To say that Harry came along and turned both mine and Adam’s lives upside down is an understatement, and yet it was absolutely in all the best ways, without exception. This year has been absolutely full of firsts. Our first cuddle, first feed, first nappy, first cold, first holiday, first bump and bruise, first word, first tantrum, first steps. It’s also been full of laughter, full of love and yes, occasionally some of the toughest moments of our lives too. But spending my days gazing at the baby I so desperately longed for and dreamt of was the greatest remedy to any hard time.

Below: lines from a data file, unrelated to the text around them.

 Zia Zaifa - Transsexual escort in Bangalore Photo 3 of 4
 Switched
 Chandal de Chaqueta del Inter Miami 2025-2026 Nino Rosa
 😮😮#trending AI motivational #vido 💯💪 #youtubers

Without question, being Harry’s mama is one hundred percent what I was put on this earth for. Before he came along, our lives were already full, but now with him along for the journey they are overflowing. These past 365 days have been the absolute best days of my life. Truly, I feel like the luckiest girl in the world.

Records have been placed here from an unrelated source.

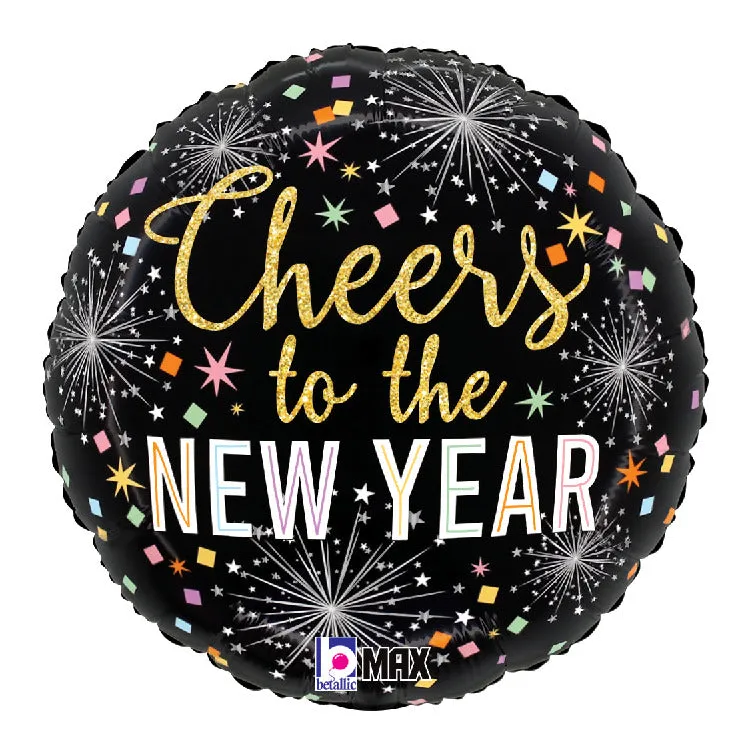 betallic-foil-balloons-cheers-new-year-folienballon-18 image 1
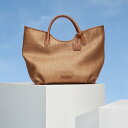 コール ハーン COLE HAAN アマガンセットストロートート womens (ナチュラルタン)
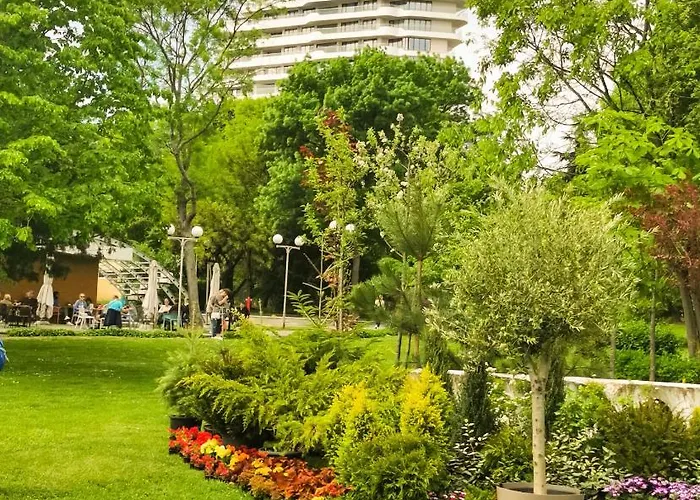 Luxury Alix * Burgas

Harry is, in one word, wonderful. That is to say, he is absolutely full of wonder. And I am beyond privileged to see the world anew, reframed through his big blue eyes. He’s given me a healthy dose of perspective, and more than ever I know what matters to me, where my lines in the sand are drawn, and what quite frankly, I couldn’t care less about. I’m more focused on channeling my energy into people and experiences that bring myself and our family joy. I’m less bothered about what I can’t control, and I’m learning to say no and mean it – without apologising. It’s been pretty liberating. As a family, we’ve made memories I know will stay with us for the rest of our lives. I can’t wait to add to them as Harry grows, but as with all good things, change is inevitable.
Tomorrow I’ll return to work, in a role that I enjoy, on a part-time basis. As a family we don’t need me to go back to work, but I do want to and I’m very aware that I’m fortunate to have that choice. In recent years I’ve worked hard to progress in a career that I’m proud of, and I want Harry to grow up in a family where he sees both his parents working and contributing equally to all aspects of our life together.
My return to work also affords Adam a choice too. To that end, Adam will be reducing his hours at work too so that he can share more time with Harry, something I couldn’t be more excited about for him. They have the most beautiful relationship, and I’m sure Harry will love ‘Boys’ Club’ as it’s affectionately come to be known in our home. They even have a theme tune…
We will essentially both be working a three day week (albeit three very long days) and between us, his grandparents and nursery I think Harry will have a great balance of time with Mama and Dada, as well as some room to grow and develop independently. I know it will be good for him, and for us.
But goodness me, my year of maternity leave has just flown by in a haze of dribbly kisses, sweaty, limpet-like cuddles, heart-melting smiles and contagious gummy giggles. It felt like forever before he arrived, and I even kept putting off going on leave as I felt fine and wanted to keep working. But now it feels like I’ve blinked and it’s almost over. I will miss my little sidekick more than anything – no amount of time with him would be enough. I question whether this is the right decision for us on a daily basis as I have just adored spending every day with my sunshine boy. The feeling of leaving him is completely gut-wrenching, but my hope is that it will ultimately help him thrive and broaden his horizons, not to mention continue to develop his already *fairly* good social skills – face slapping, hair pulling and glasses stealing especially, though he branched out to feeling up waitresses on holiday last week – eeek. Joking aside, I have had to come to terms with the fact that I’ll likely miss some of his firsts, that I won’t be there to kiss him better when he bumps his head or comfort him every time he is sad and I’m still totally not okay with that, but I also know with unwavering certainty that he will forgive me, he will be ok and that he won’t forget me for two days a week (I’m totally going to be popping down for cuddles on my homeworking day).
I know there’ll be a few deep breaths needed on that first day back, and more than a few tissues to dry my tears. I’ve already shed enough to cause flash flooding across the south west. But they’re also tears of gratitude. I’m so grateful to be Harry’s mama and I know that this is just the start of a brand new chapter in our adventures together. I’m just not quite ready to turn the page yet.